All over the world, the Goddess is seen or known as the White Goddess. White flowers, clothes or offerings have always been associated with her, from the snowy-white icefields of the north, to the white-hot burning deserts on the equator; to the southern lands, lying under the Long White Cloud. We see it today in the white dresses of brides at their marriage, when the young lady, for that day, represents the Goddess to her husband; in the white costumes, with their bells, ribbons and flowers, of the Morris Men, ‘Mary’s Men’, dancing in honour of the White Goddess. Even in India, a land where white is a colour of mourning, it is into the hands of the Goddess of Death, with her white face, that the departed soul will travel.

The White harvests represent stages in the lives of the Goddess and the God, defined at a moment when a certain kind of power was to be felt, and perhaps shared with the people. The ‘green’ festivals are set around the solar agricultural dates of the Equinoxes and Solstices. The old rites were simple and largely intuitive affairs, when a whole village or community would come together to act out part of the Old Ones’ story, to renew the bonds of dedication to the Lord and Lady, and those ties of kinship within the human relationships, or forge new ones.

There was no priest to intercede between the people and their deities, for even in the pre-Christian Celtic era when the Druids held sway, they seemed to have acted more as guides or masters of ceremonies than controllers of the ritual. Everyone in the community probably made a small offering, asked a boon, or offered prayers of thanksgiving, as appropriate to the season. If there was speech, it was from the heart and Goddess-given inspiration rather than set-piece sermons or regulated supplications.

As most such celebrations were carried out in fields or woods or sacred circles of standing stones, it is likely that much of the action was mime, just as today’s mumming plays enact the story of Life and Death, Summer and Winter, with a variety of local characters depicted. Song and dance too would have played a part in such gatherings, with music, drumming and probably the playing of games like those country children still play. Often those who acted out the characters of the story of the Old Ones

would be chosen by lot, with symbols baked into a cake, or hidden in a bag.

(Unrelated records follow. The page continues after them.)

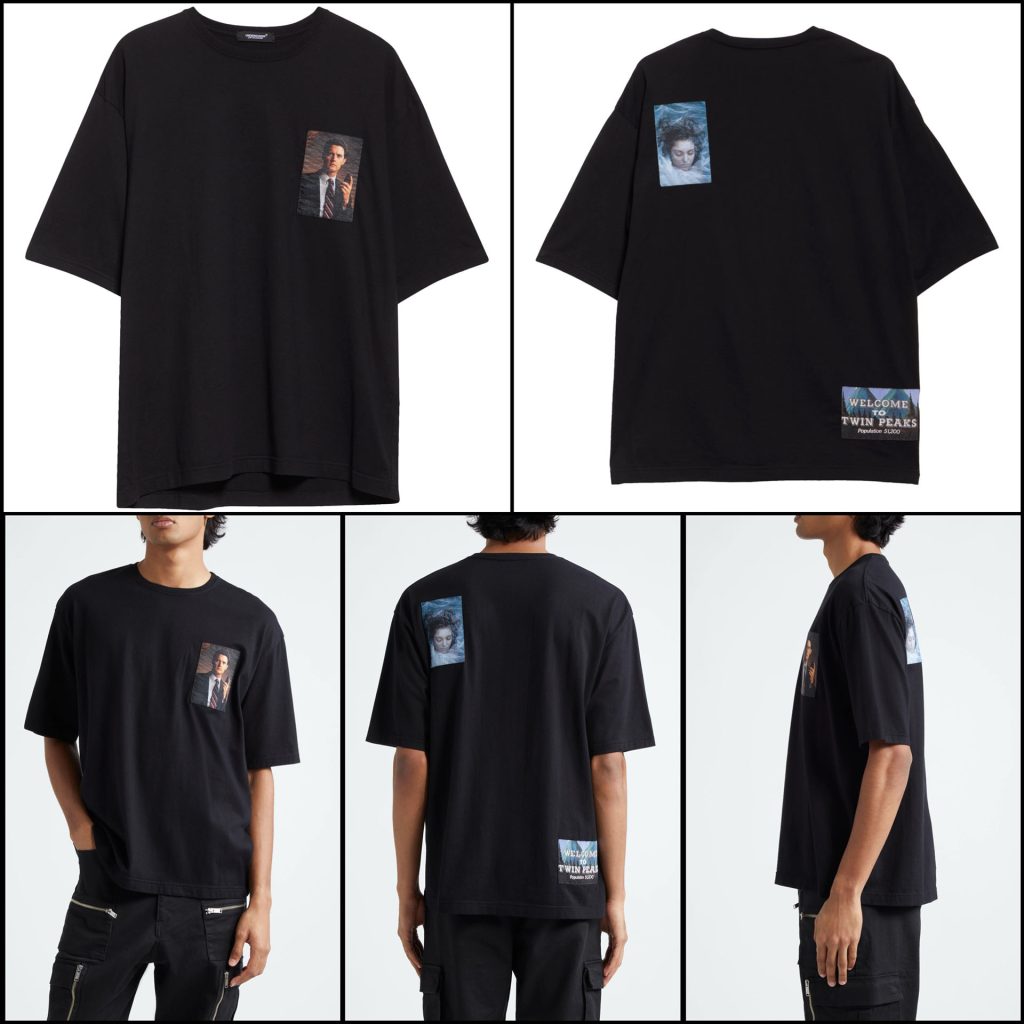 Image collage of Twin Peaks shirt by Undercover at Nordstrom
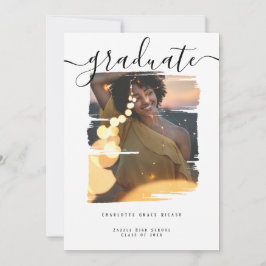 Typografie Foto aangepast Afstuderen Kaart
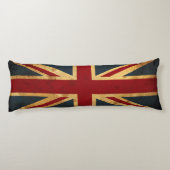 Coussins Longs Drapeau souillé d'Union Jack R-U (Dos)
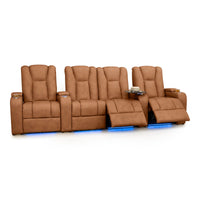 Serenity Italian Leather Home Theater Seating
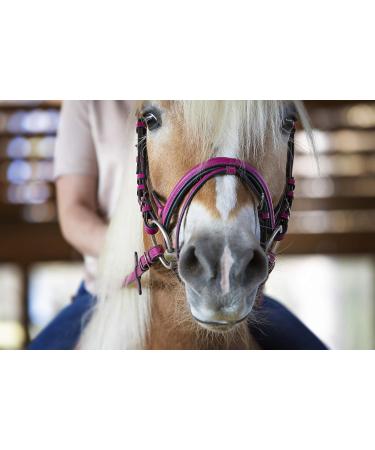 Indira Bridle Pro for Cob & Small Horses - Premium Pink 01 | International Shipping Available - Buy Online on SooperMarket.com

This allowed the God or Goddess to cast his or her part without the intervention of human will. When this method of choosing the parts for a ritual or celebration is used, those so chosen play their parts far better than might be imagined, even if they do not exactly fit the archetype they portray.

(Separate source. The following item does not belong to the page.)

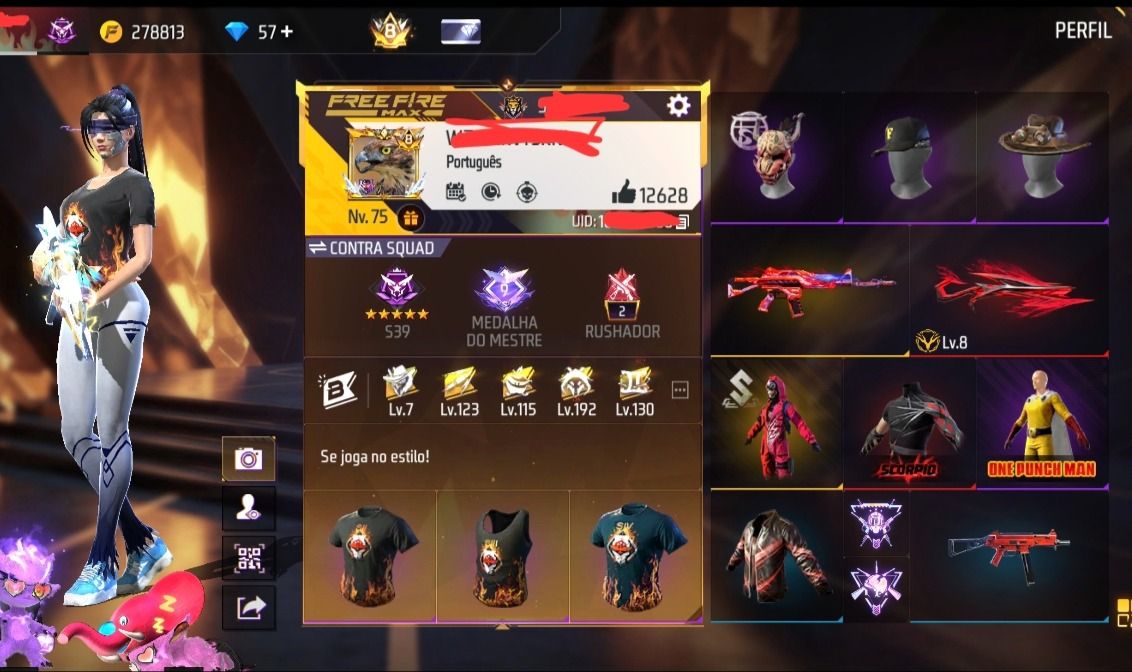Mestres antigos free fire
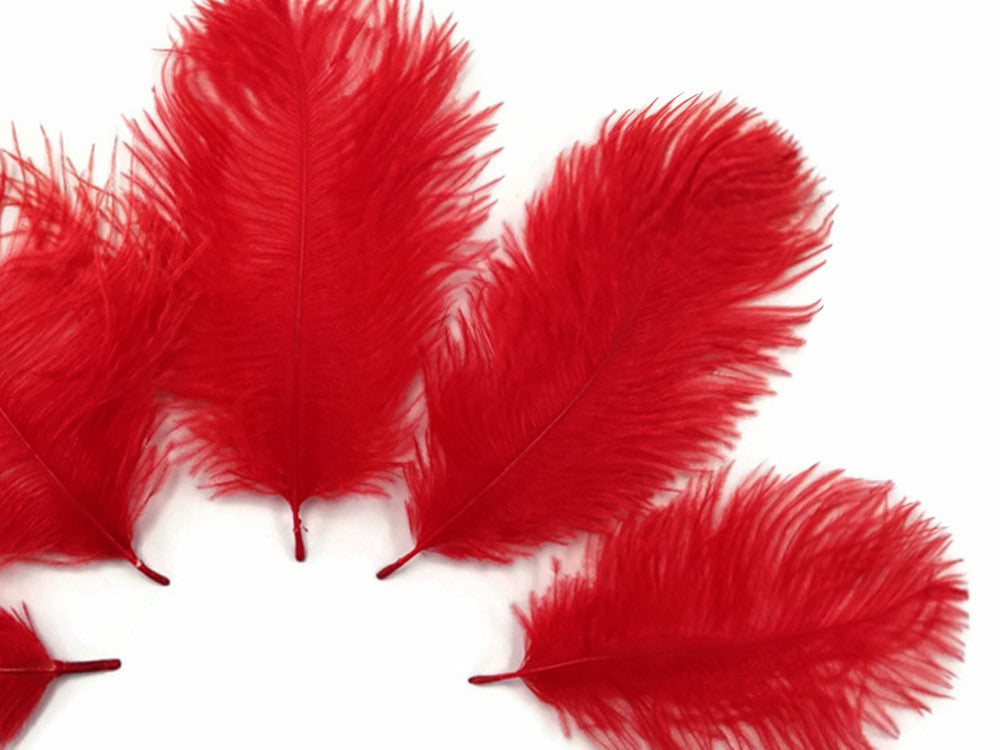 1 Pack - Red Ostrich Small Confetti Feathers 0.3 Oz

Starting at the beginning of the Celtic year, around the end of October in the modern calendar, when the first hard frost whitened the grass, shrivelled any green stuff and iced over a shallow puddle, the community began their preparations for winter. Cattle and pigs and sheep which had roamed the unfenced fells, moors or woodland would be brought back to the farmyards or perhaps one of the great earthworks which dot the southern hilltops. It would be a great round-up and time for sorting out the stock.